I’m trying to get all gameobjects, enabled and disabled ones, that are listed in the hierarchy/scene inside the editor from an editor script. I found quite a few results on this issue in unity answers and the forum, but actually none of the answers is working as far as my tests go.
I found “Object.FindObjectsOfType” and “Object.FindSceneObjectsOfType” which pretty much do what I’m looking for, but both methods find active gameobjects only, but I also need to get inactive ones.
Another candidate is “Resources.FindObjectsOfTypeAll”. This one finds active and inactive gameobjects, but it also returns objects that have been selected in the project window and are actually not part of the current scene (the documentation says its result may contain internal objects). I thought I could detect and filter these non-scene objects from their hideFlags, I hoped these objects have the “HideFlags.HideInHierarchy” bit set or so, but it’s not the case.
Is there any way to get all (enabled and disabled) gameobjects of the current scene only, from an editor script?
Bump. This seems like something that should be trivially easy to find, but I am also having trouble iterating over inactive gameobjects in the hierarchy. Is there a simple way to get everything in the hierarchy including inactive gameobjects? I don’t want the selection to include anything internal or in the project folders. Thanks.
One trick I read was to have every gameobject a child of a single gameobject, and then you can use that gameobject to get all of its children, including inactive, with this…
GetComponentsInChildren<Transform>(true);
GetComponentInChildren will also include the parent object.
I was in a similar situation where i needed to find all components of a certain type from all active and inactive gameobjects from a scene.
The method below returns all root gameobjects be they active or inactive.
Once you have the scene root GameObjects, you can traverse their hierarchy and collect whatever objects you’re interested in. Works in Editor and Runtime.
public static IEnumerable<GameObject> GetAllRootGameObjects()
{
for (int i = 0; i < SceneManager.sceneCount; i++)
{
GameObject[] rootObjs = SceneManager.GetSceneAt(i).GetRootGameObjects();
foreach (GameObject obj in rootObjs)
yield return obj;
}
}
public static IEnumerable<T> FindAllObjectsOfTypeExpensive<T>()
where T : MonoBehaviour
{
foreach (GameObject obj in GetAllRootGameObjects())
{
foreach (T child in obj.GetComponentsInChildren<T>(true))
yield return child;
}
}
The solutions above ignore multiple scenes loaded at the same time and will only find objects in the active scene, or will also pull in Resources like prefabs not in the scene.
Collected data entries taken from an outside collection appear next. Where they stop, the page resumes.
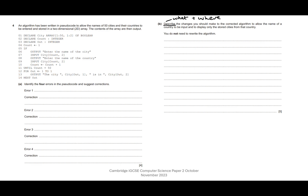So what are you going to change, how are you going to change it, and where will it go? Because they have given us line numbers in the pseudocode, so we can say between these lines or after this line.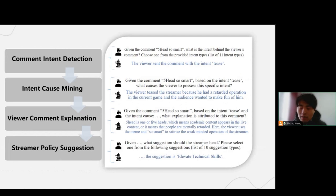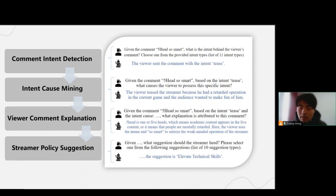We proposed four tasks related to comment understanding: Comment Intent Detection, Intent Cost Mining, Viewer Comment Explanation, and Streamer Policy Suggestion. Given the comment '5-hit-so-smart,' the result of Comment Intent Detection is shown. The result of Intent Cost Mining is that the viewer teases the streamer because he had a poor operation in the current game and the audience wanted to make fun of him. We can also obtain a comprehensive explanation of the comment and, based on that understanding, provide suggestions to the streamer.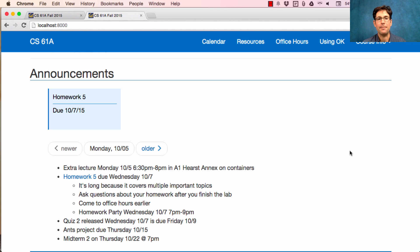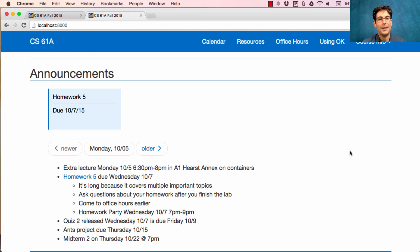Homework 5 is due on Wednesday. It's really long, one of the longest in the whole course, and that's because it covers multiple important topics. You should really spend time on this homework. Even though homework is graded on effort, if you blow this one off, you'll have a hard time catching up in the course. So make sure you spend enough time to review the recent material and understand what's going on so that you can answer these questions. You should start now.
My code will find all components of a type in every loaded scene, even on disabled and nested-disabled objects.
The only thing it won’t find is objects in the magic DontDestroyOnLoad scene, which is gross and confusing on Unity’s part.
Note: This can be a very expensive operation. Calling it regularly (like every Update frame) can break your game.
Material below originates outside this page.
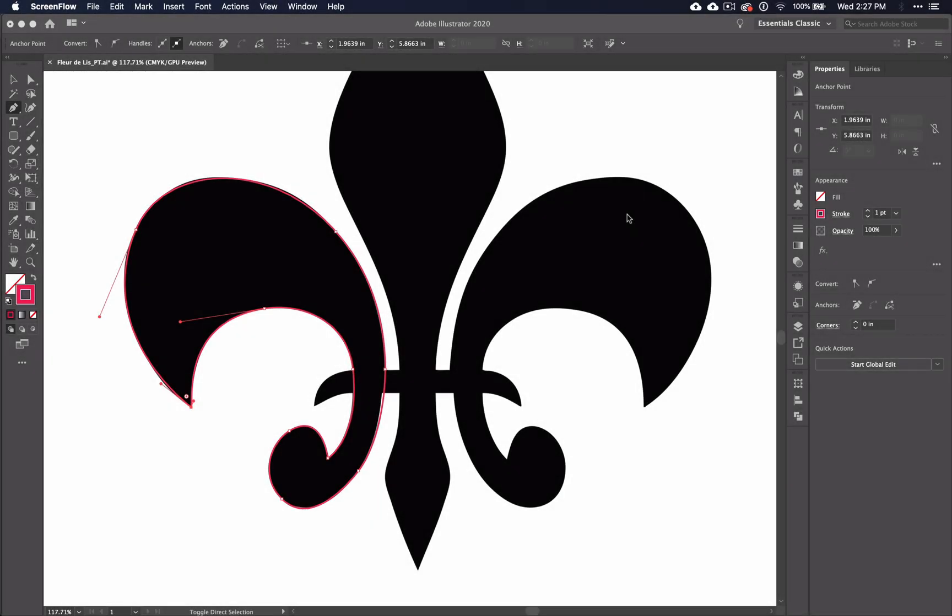This is the fifth video in a series of 10 tutorials on how to use the pen tool in Illustrator CC. In the last video, we learned another method for using the pen tool, where you create the anchors first and then come back afterwards to adjust the curves. In this video, we'll explore how to use the reflect tool and how to recognize when you need to use it for your designs.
Be careful using Resources.FindObjectsOfTypeAll to find scene objects, because it might return prefabs from the project too. We found out the hard-way, with an issue where our code sometimes picked a prefab in the project instead of an object in the scene.
In Unity 2020.3 they added the ability to find inactive GameObject’s with Object.FindObjectsOfType, which didn’t work before, thus all the workarounds you find in this thread.
Yes . I’m aware of that. I was just reducing the previous code with a simpler way.
I use this function to gather hidden objects that were marked non editable or hidden in the hierarchy and not-unloadable via de hideFlags and impossible to delete from any scene loaded. This is the only way to get those objects, sadly.